__Task goal__
In your copy, reproduce the entries exactly as they are, minus the images.

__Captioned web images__

= Beginning of Section =

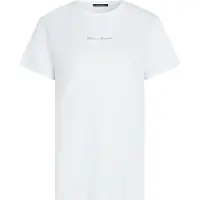 Karl Lagerfeld Silver Signature T-shirt White Talla: XL | Camisetas de Seda Outlet | Mujer | Blanco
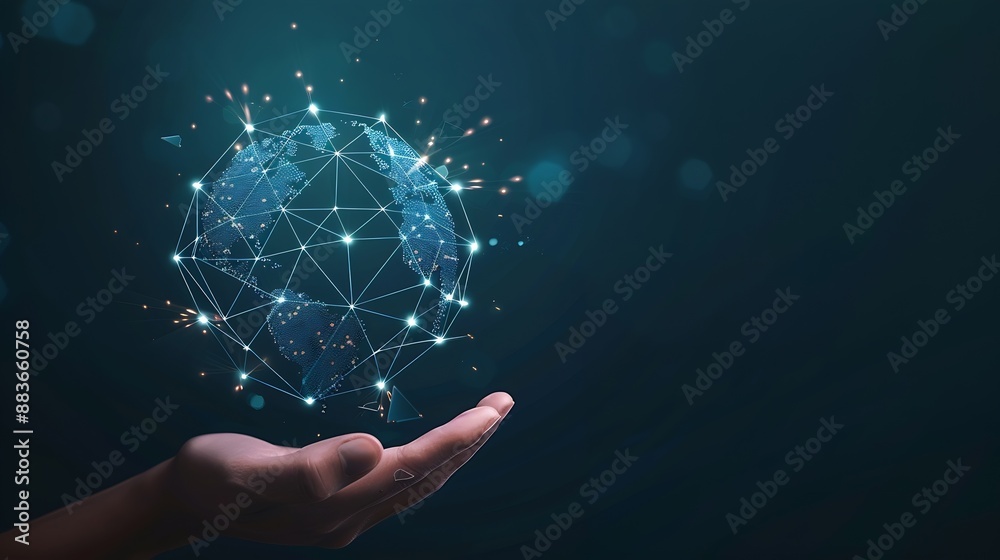 Poster digital technology security concept Wireless connection of the global Internet communication network Abstract globe resting on human hand with interconnected polygons on dark blue back : Generative AI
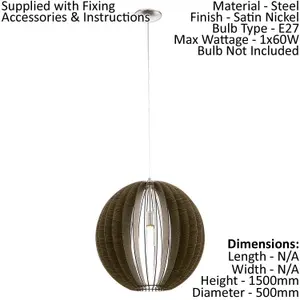 Pendant Ceiling Light Colour Satin Nickel Shade Mid Brown Wood Bulb E27 1x60W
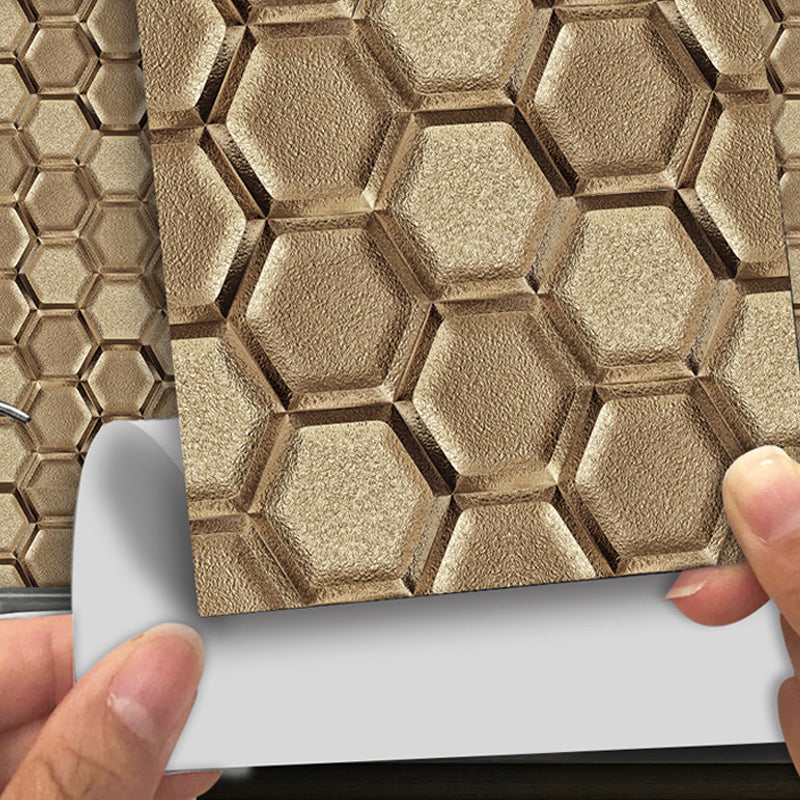 Frendorf | Stick On 3D Hexagon Wallpaper Panel Set Contemporary PVC Wandbekleding, 12,2 vierkante voet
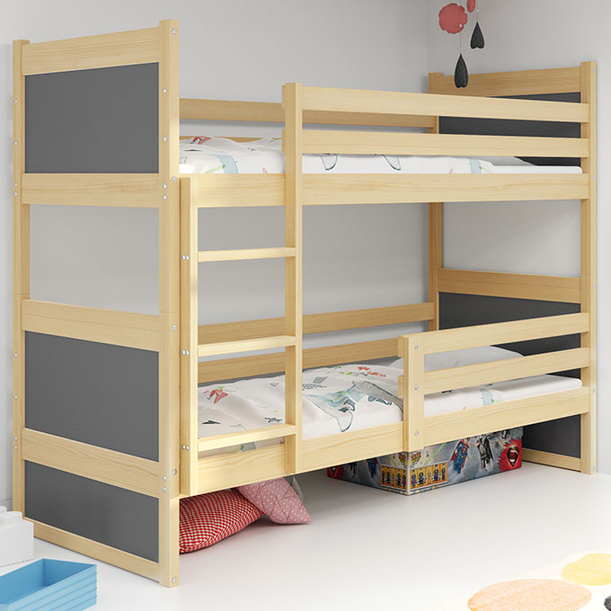 Stockbett für Jugendliche Richard, 90x200, mit Matratze, Kiefer/grau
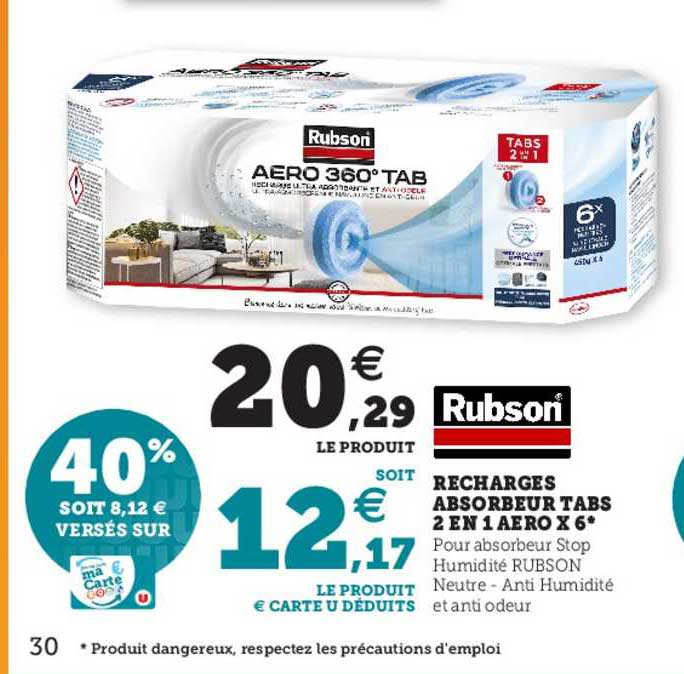 recharges absorbeur tabs 2 en 1 aero x6 rubson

= End of Section =

__Solution to this problem__
 Karl Lagerfeld Silver Signature T-shirt White Talla: XL | Camisetas de Seda Outlet | Mujer | Blanco
 Poster digital technology security concept Wireless connection of the global Internet communication network Abstract globe resting on human hand with interconnected polygons on dark blue back : Generative AI
 Pendant Ceiling Light Colour Satin Nickel Shade Mid Brown Wood Bulb E27 1x60W
 Frendorf | Stick On 3D Hexagon Wallpaper Panel Set Contemporary PVC Wandbekleding, 12,2 vierkante voet
 Stockbett für Jugendliche Richard, 90x200, mit Matratze, Kiefer/grau
 recharges absorbeur tabs 2 en 1 aero x6 rubson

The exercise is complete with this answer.